***** Stored data *****

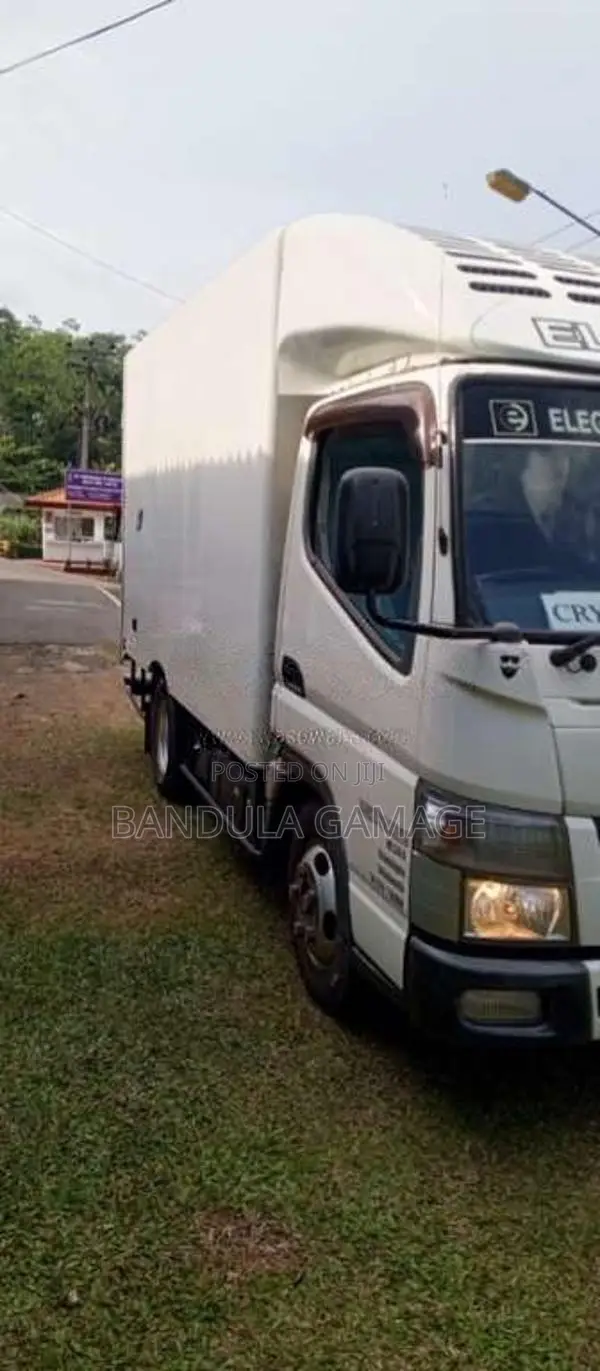 Mitsubishi Canter 2014 Lorry (Used)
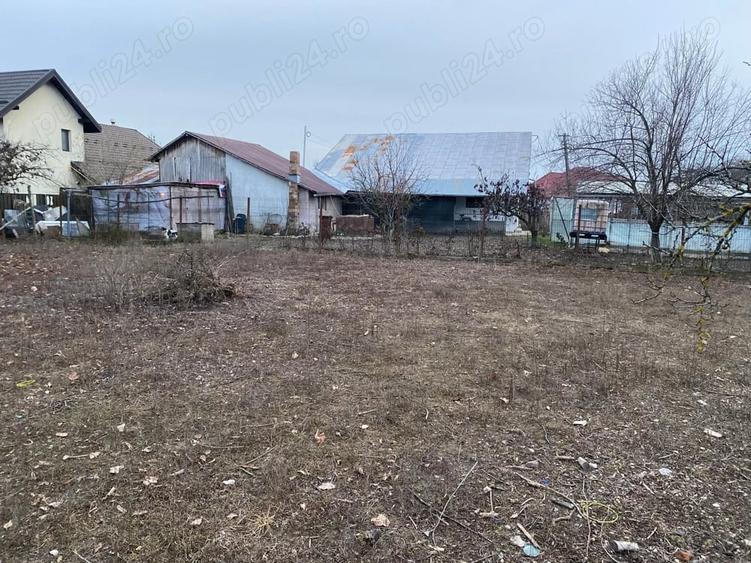 Teren de 1860 mp, în Nisipoasa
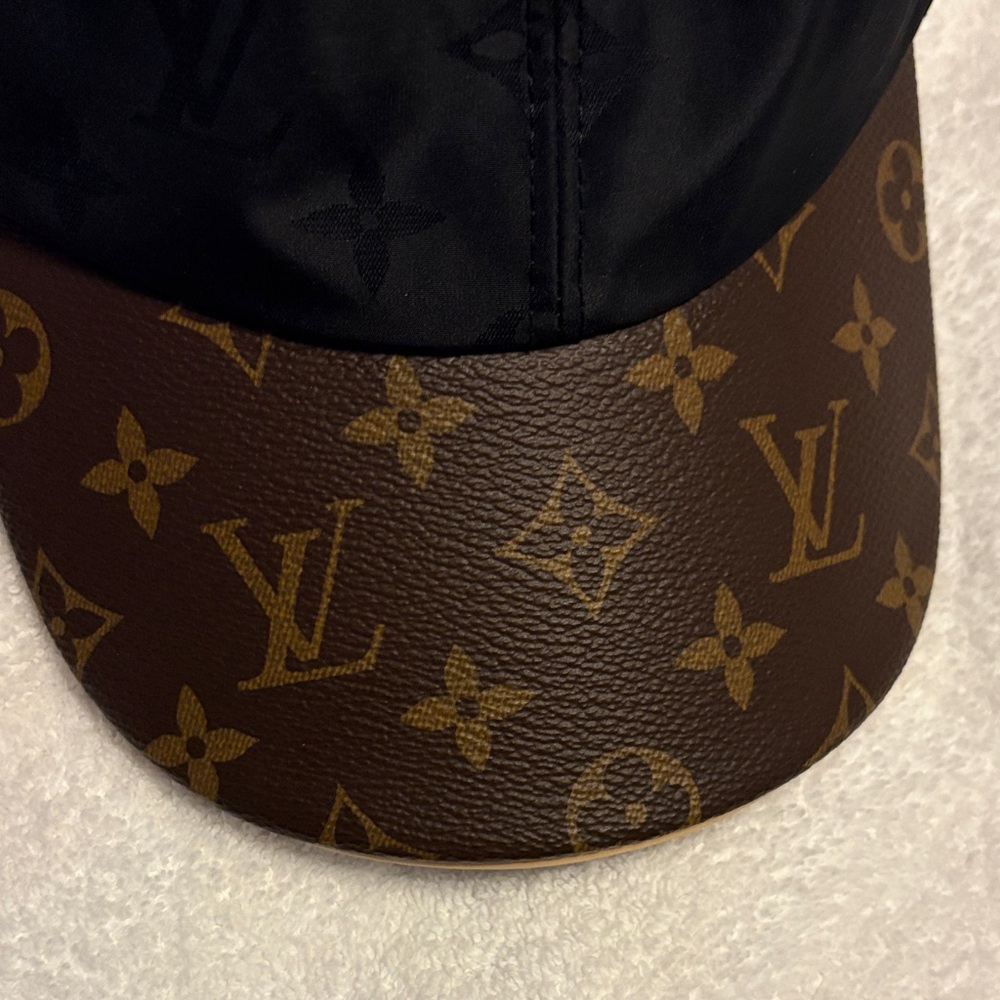Louis Vuitton Black and Brown Monogram Hat - Picture 6 of 6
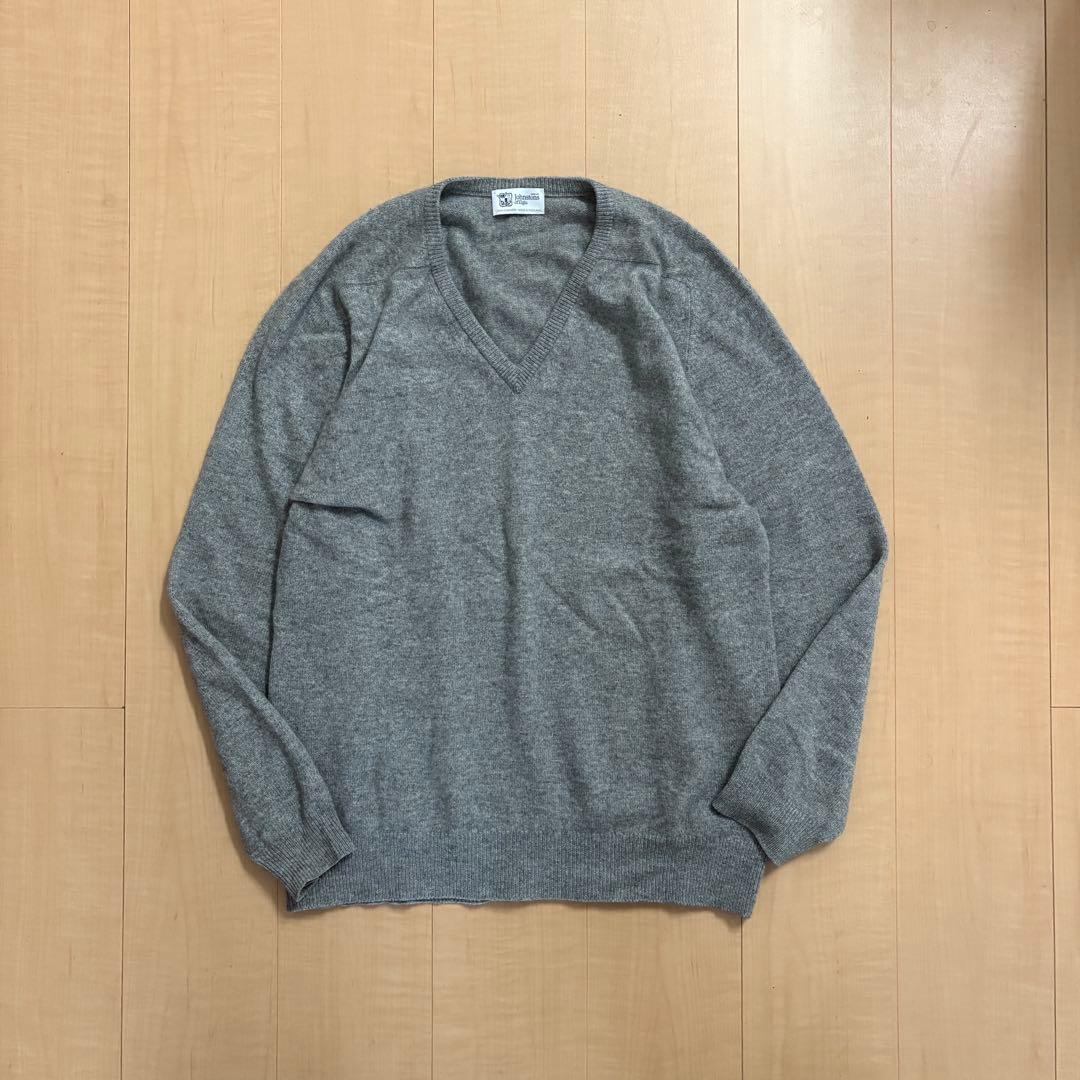 Johnstons of Elgin カシミヤ Vネックセーター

*****

= Task directions =
The required output is the line containing "Louis Vuitton Black" plus every line after it to the end of the data, copied exactly and with no pictures.

= Solution for this exercise =
Louis Vuitton Black and Brown Monogram Hat - Picture 6 of 6
 Johnstons of Elgin カシミヤ Vネックセーター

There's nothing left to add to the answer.